Avery Bradley used to tape his ankles before games, practices, shootarounds, etc., but this season, the Celtics guard decided to stop.
“More than anything, I just didn’t want to tape anymore,” he said Friday.
But then Bradley sprained his right ankle against the Heat in mid-January, tried to return too soon after a five-game absence and aggravated his sprain, which kept him sidelined for 19 of the past 22 games entering Friday.
“As a result of me not taping, I injured myself,” Bradley said before he returned to action in the Celtics’ 87-80 loss to the Suns at TD Garden.
Though Bradley has started 43 games this season, coach Brad Stevens elected to bring him off the bench and play him limited minutes as the guard shakes off the rust after having not played or practiced for weeks.
Bradley, who is taping his ankles again, played 17 minutes, scoring 9 points on 4-of-12 shooting.
“I feel fine,” he said after. “It’s a little sore, but I’m going to ice and I’ll feel fine tomorrow.”
Bradley described his shot as “rusty” but said his ankle didn’t limit him.
“No problem,” he said. “Confident in it, I tried not to think about it. Don’t want to restrict my game at all.”
But how long until he regains his rhythm?
“It’s hard to say — it may be one game, it may be two games,” he said. “I don’t know.”
Said Stevens, “I thought [Bradley] was good. I thought he did a lot of good things, played hard, played with effort. I also thought he looked a little rusty in the first stint, better in the second. Hopefully he continues to shakes that rust off and gets a little bit of momentum going.”

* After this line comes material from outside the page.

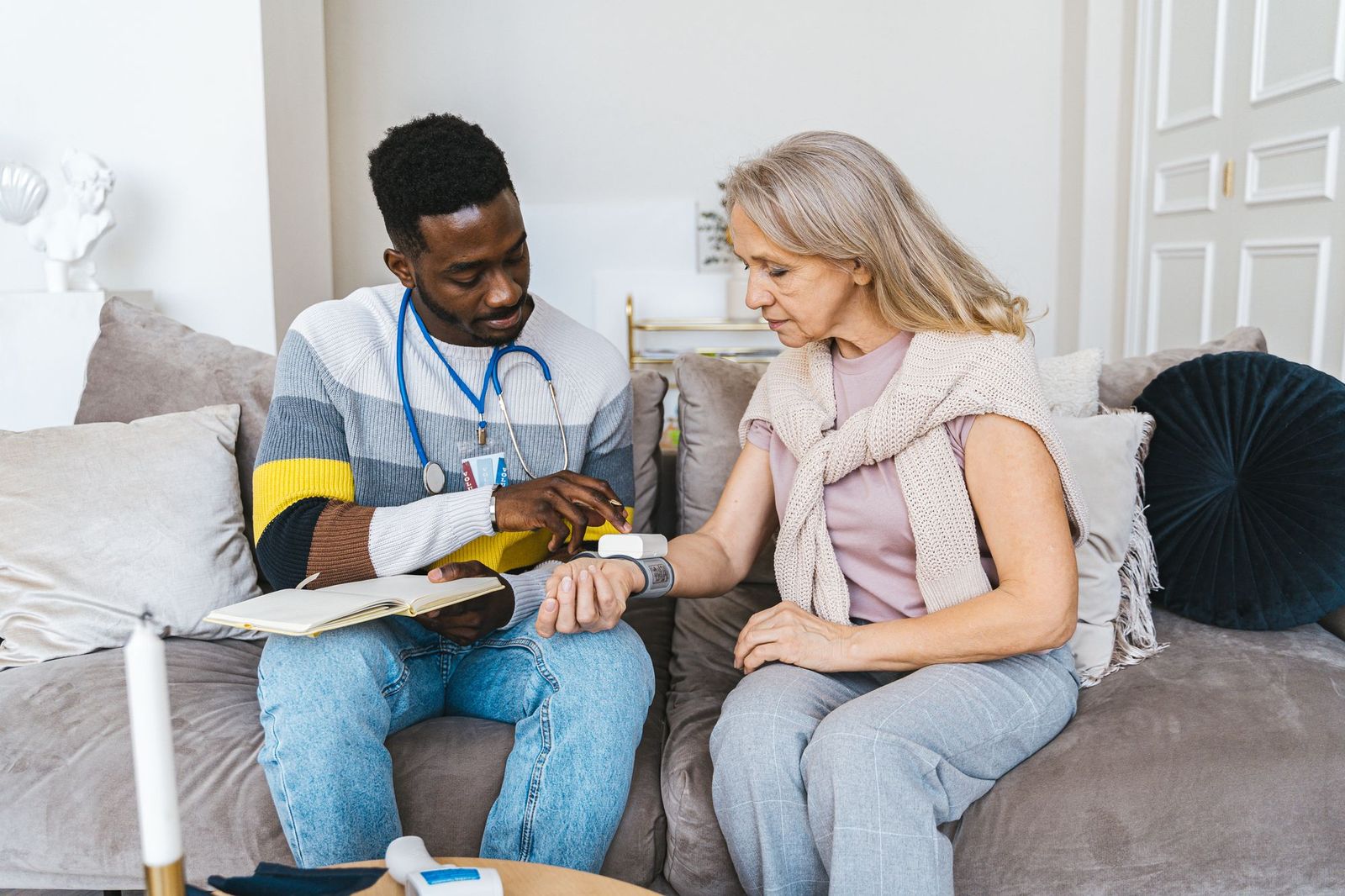 A smiling home health clinician checks an older woman’s blood pressure while they sit together on her living room sofa.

Whether because of his ankle or his shoulders, injuries have hindered Bradley’s career, which is in its fourth season.
Entering Friday, the 23-year-old former Texas standout has played only 191 of a possible 294 regular-season games since being drafted in 2010.
Bradley hadn’t played since Feb. 9 and said being sidelined was tough, “especially because we haven’t been playing the way we could be playing. We haven’t been winning a lot of games.”

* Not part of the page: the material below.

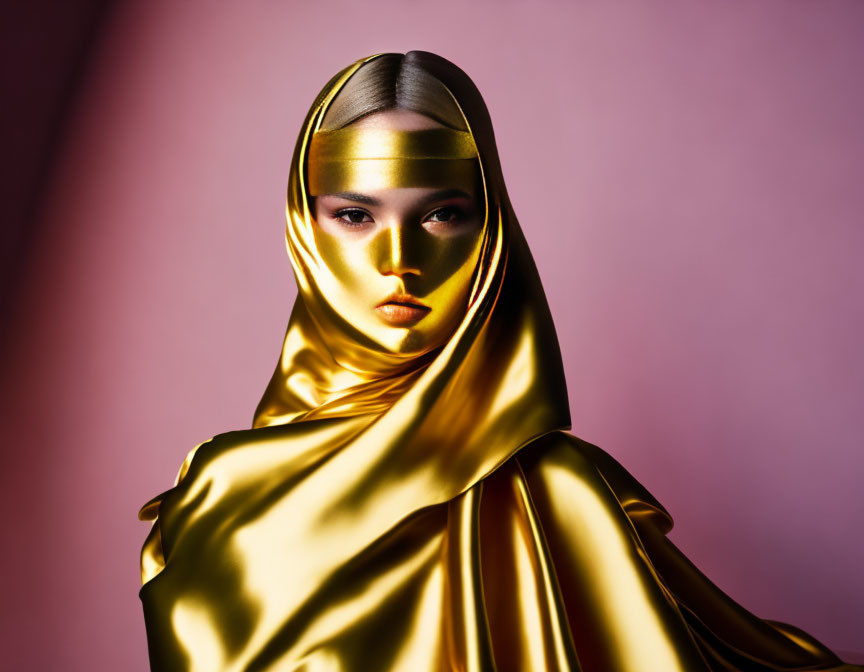 Golden Fabric Draped Figure Against Pink Background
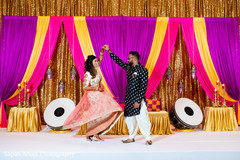 Indian couple dancing during photo session. Indian couple dancing during photo session.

Bradley hasn’t been able to practice much but said he’s hopeful his conditioning won’t be far behind.
“He got in a good workout with our strength and conditioning people and he did all that he could,” Stevens said. “But now it’s just a little bit of trial by fire coming back. Hopefully it will be like riding a bike, he’ll come right back into it.”
Rondo will rest
Since returning to action in January, Rajon Rondo hasn’t played on the tail end of a back-to-back set, instead sitting out the second game to rest his surgically repaired right knee.
There has been a question of whether Rondo would play in the second game at all this season, but Stevens said Rondo probably wouldn’t.
“As I’ve looked at the schedule, that has been my best guess,” Stevens said. “I don’t know that it’s 100 percent that that will be the case. But the way that he has felt the day after games has again just been general soreness and he is getting back into a nice rhythm right now and I think the biggest thing is building on that as we move forward.”
Stevens added, “If he wakes up and he feels great one day, there’s nothing precluding him from saying, ‘Hey, I’m going to give it a run tonight.’ But it would be him, the trainers, and everybody else getting together and saying it.”
The Celtics have four back-to-backs sets left, meaning that Rondo might only play in 13 of the team’s final 17 games, potentially sitting out March 17 at Dallas, March 31 at Chicago, April 5 at Detroit, and April 12 at Cleveland.
The Celtics and Knicks don’t much care for each other.
That fact was driven home again when Celtics president Rich Gotham said that with legendary coach Phil Jackson likely joining the Knicks’ front office, “It’ll give us just one more reason to not like the Knicks.”
Gotham made his comments during a recent HuffPost Live conversation.
The Knicks then announced Friday that they’ll hold a news conference Tuesday for a “major announcement,” presumably to introduce Jackson.
“In Boston we like to have good reasons to not like the New York teams, particularly the Knicks, if you’re the Celtics,” Gotham said.
“Phil, he’s the guy who is the challenger to Red Auerbach’s record for most titles won as a coach, so bring it on. Give us a little more fuel for the rivalry . . . Having a guy like Phil around, it’s all good fun for us because he’s one of our nemeses.”
Jackson won 11 titles as a coach and two as a player. Auerbach won nine as a coach and seven as an executive.
Nets forward Paul Pierce, who spent 15 seasons with the Celtics, was asked Friday for his reaction to Jackson joining the Knicks.
“I don’t talk about the Knicks,” Pierce said, according to the New York Daily News. “No Knicks questions. Ever.”
The Celtics debuted their St. Patrick’s Day sleeved uniforms, which they’ll also wear Sunday at New Orleans and Monday at Dallas. The jerseys, designed by Adidas, are green with gold lettering and numbering. The Bulls also are wearing special uniforms this year . . . Butler University’s official mascot Blue III, also known as Trip, visited Stevens at the Garden as the famous bulldog continued his tour of the East Coast.